Workflow Configuration

The CI/CD workflows are defined in the .github/workflows directory of the repository. Each workflow file outlines the steps required for the automated processes, including:

  • Triggering on specific events (e.g., push, pull requests, manual triggers).
  • Specifying jobs to run (e.g., testing, building, deploying).
  • Using environment variables and secrets for secure configuration.

Getting Started

To set up GitHub Actions for your fork of this project, ensure that the necessary secrets and environment variables are configured in your repository settings. This setup will allow the CI/CD pipeline to run smoothly, automating the testing and deployment process whenever changes are made.

By using GitHub Actions, we ensure a robust, efficient, and automated workflow, enhancing the development experience and minimizing the risk of errors during deployments.

Installation

Note

This project was originally created on GitHub Codespaces using a 4-core 16GB RAM • 32GB machine. If you want to run the code easily, consider using GitHub Codespaces for a seamless experience.

Prerequistes

- Python 3.12
- Pipenv
- Docker

Steps

To simplify the installation and setup process, you can utilize the Makefile commands instead of manual steps.
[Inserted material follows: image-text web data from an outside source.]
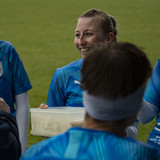 windischgarsten aspach 11 0 02 04 2022 114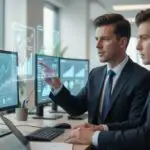 Выбор системы налогообложения для IT-компаний: какую выбрать и почему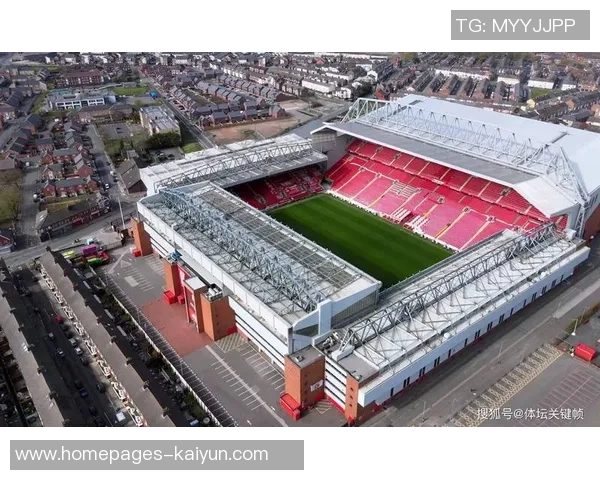 伯纳乌球场关闭翻修期间皇马欧冠主场迁至马竞主场 伯纳乌球场关闭翻修期间皇马欧冠主场迁至马竞主场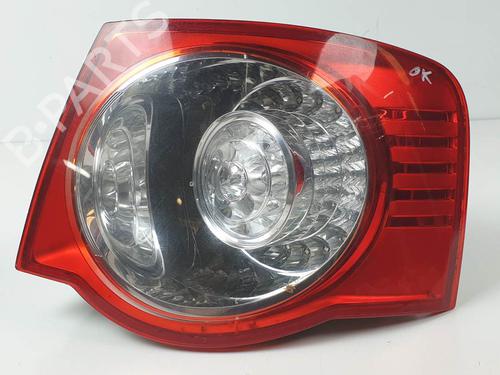 Right taillight VW JETTA III (1K2) 2.0 TDI 16V | BP29245589C35 - Image 2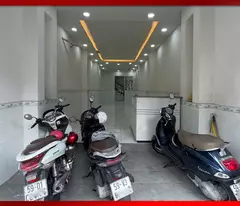 🔥 CHO THUÊ MẶT BẰNG ĐẸP - MẶT TIỀN ÂU CƠ - KHU SẦM UẤT - 12TR/THÁNG🔥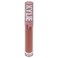 Kylie CosmeticsMatte Liquid Lipstick  700 Bare for Women  01 oz Lipstick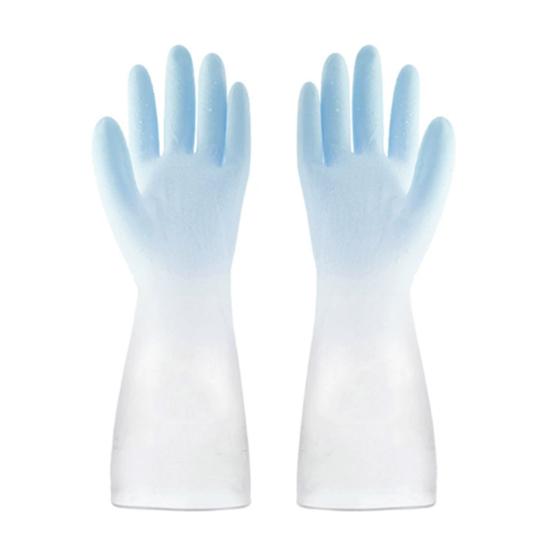 Bristle-Free Rotating Grill Brush Electric BBQ Cleaner with LED Light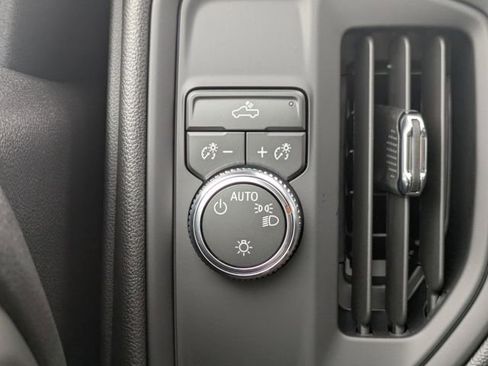 New 2026 GMC Sierra 1500 Pro w/ Pro Value Package image 28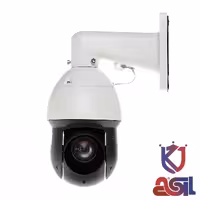 دوربین مدار بسته داهوا مدل SD49225T-HN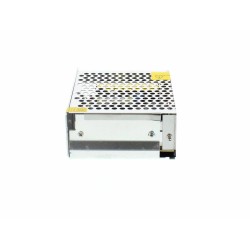 sursa in comutatie ac-dc 100w 5v 20.0a well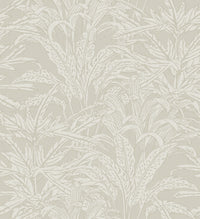 Arte Manovo Savanna 22022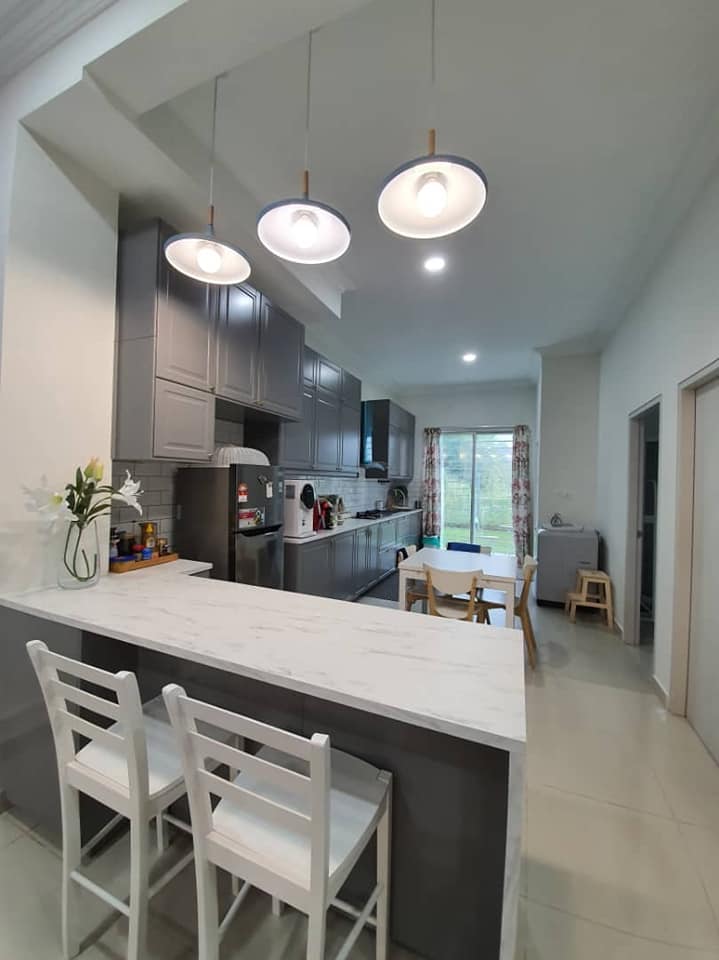 2 Storey CasaView On Coast Cybersouth Beautiful En - photo 7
However, if you prefer to do it manually, follow these steps:

  1. Clone the repository:

    git clone https://github.com/aalvan/mlops-student-performance.git
  2. Navigate to the project directory:

    cd mlops-student-performance
  3. Install dependencies using pipenv:

    pipenv install
  4. Activate the Pipenv shell:

    pipenv shell
  5. Install the project as a module using setup.py:

    pipenv install --editable .

Makefile

The Makefile automates project management tasks, including:

  • Installation: Sets up Python dependencies and installs the project.
  • Service Management: Starts and stops essential services like MLflow, Airflow, Web Service, and ELK.
  • Airflow DAG Handling: Unpauses and triggers specific Airflow DAGs while monitoring their status.
  • Testing: Runs unit tests using pytest.

Makefile Commands

  • help: Displays a list of available commands and their descriptions.
  • install: Installs or updates project dependencies and sets up the project in editable mode.
  • setup-services: Creates a Docker network and initializes the ELK stack and Airflow.
  • start-services: Launches all services (MLflow, Airflow, Web Service, and ELK).
  • mlflow: Starts the MLflow service using Docker.
  • airflow: Starts the Airflow scheduler and web server and waits for them to be reachable.
  • airflow-dag-trigger: Unpauses and triggers a specific Airflow DAG, monitoring its execution status.
  • web_service: Starts the Web Service using Docker.
  • elk: Starts the ELK stack using Docker.
  • test: Runs unit tests for the Web Service using pytest.
  • stop-services: Stops all running Docker containers associated with the project.

Recommended Workflow

To run the commands correctly, follow this order:

  1. install: Set up dependencies and project configuration.
  2. setup-services: Initialize the Docker network and services.
  3. start-services: Launch all necessary services.

Important Note: Always run start-services before executing tests to ensure all necessary services are running.

After running these commands, the entire setup will be ready for use.